Data follows below. Repeat exactly the lines between the line holding "Play video: Richard" and the line holding "Hamamatsu αλλαγές τιμών hikersbay.com", inclusive, and nothing more; drop pictures.

Extracted information:

══════════

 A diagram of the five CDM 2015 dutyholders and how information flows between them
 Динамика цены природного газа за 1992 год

══════════

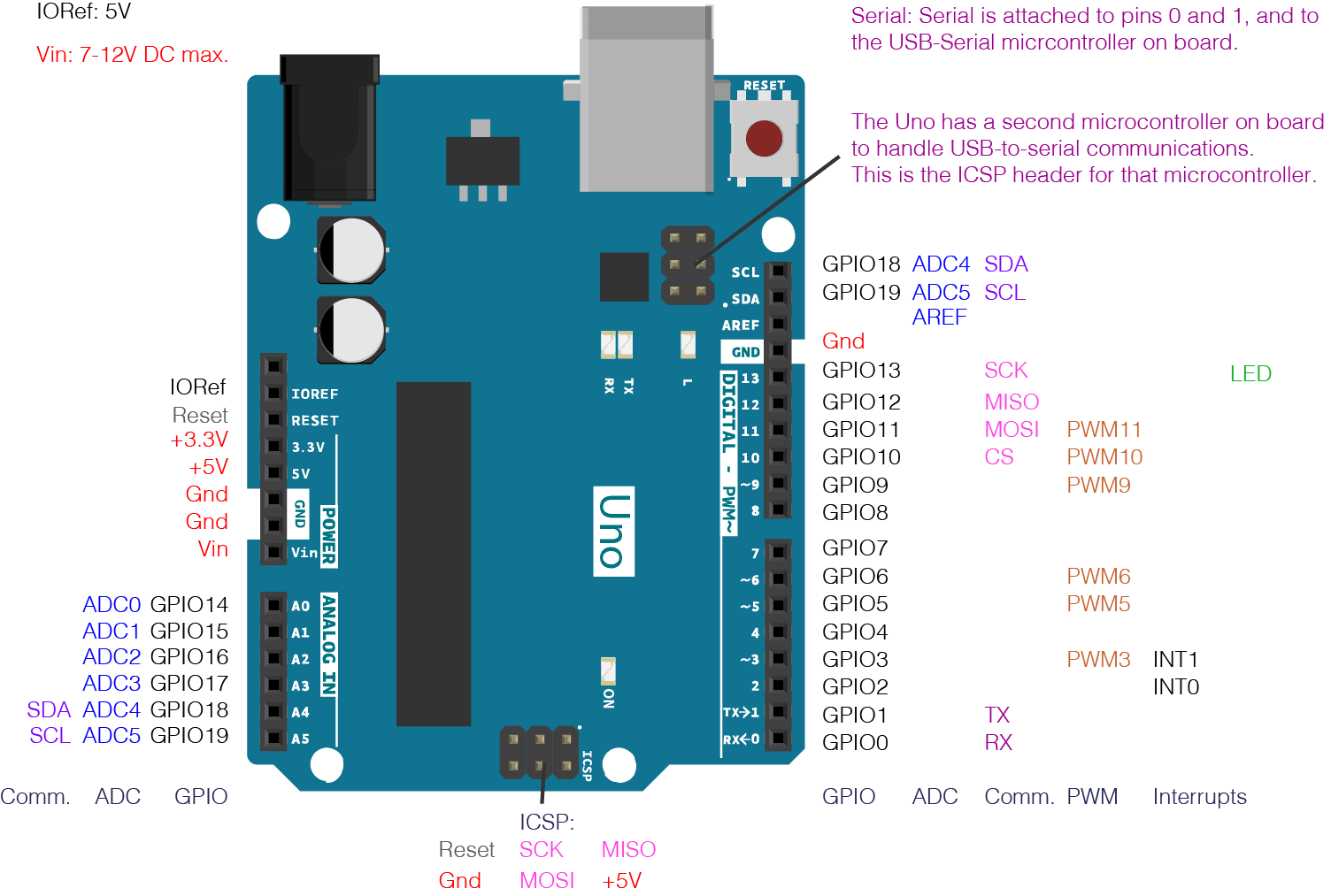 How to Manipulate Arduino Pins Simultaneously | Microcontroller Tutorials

══════════

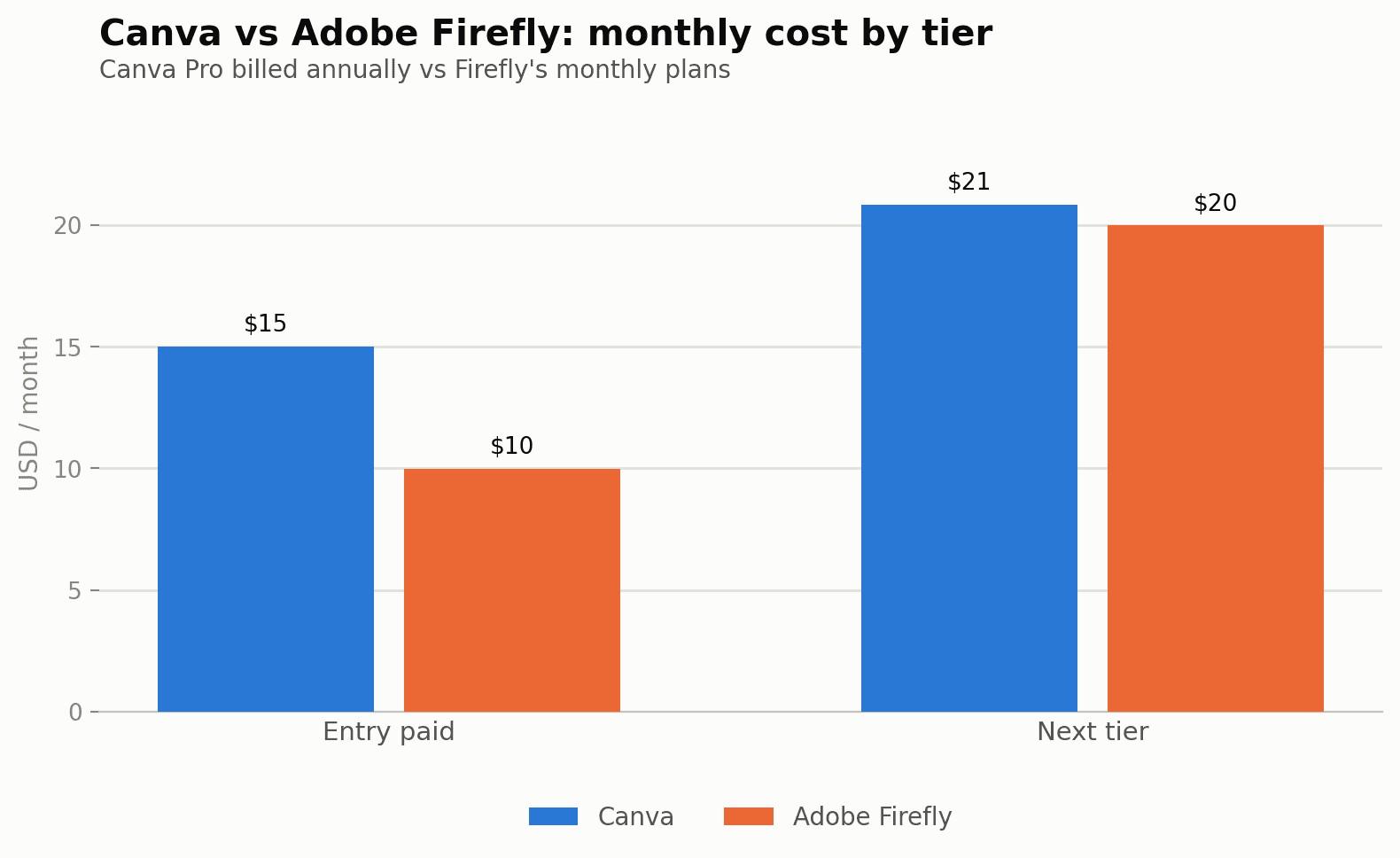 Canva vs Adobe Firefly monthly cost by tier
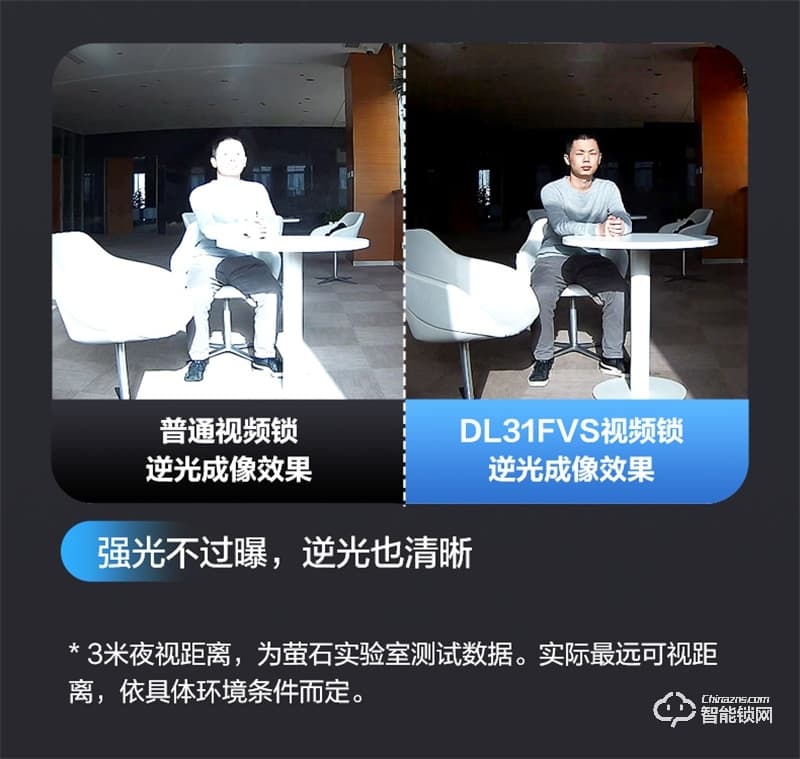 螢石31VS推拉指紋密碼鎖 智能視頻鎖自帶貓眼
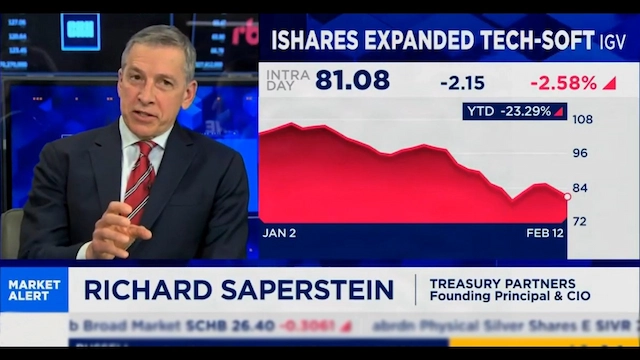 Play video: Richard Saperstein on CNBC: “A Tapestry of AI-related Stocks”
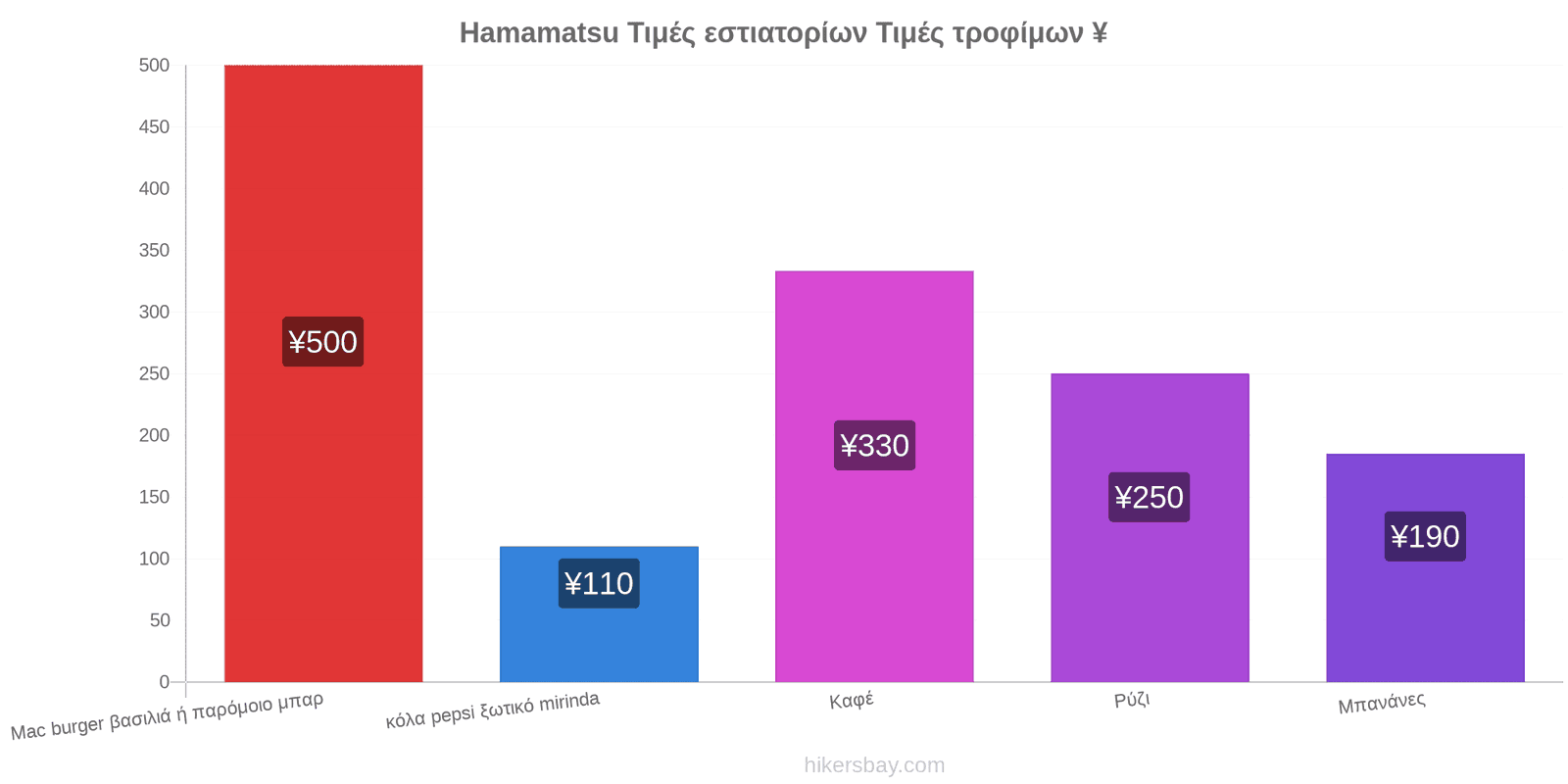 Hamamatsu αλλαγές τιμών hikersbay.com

══════════

Response:
 Play video: Richard Saperstein on CNBC: “A Tapestry of AI-related Stocks”
 Hamamatsu αλλαγές τιμών hikersbay.com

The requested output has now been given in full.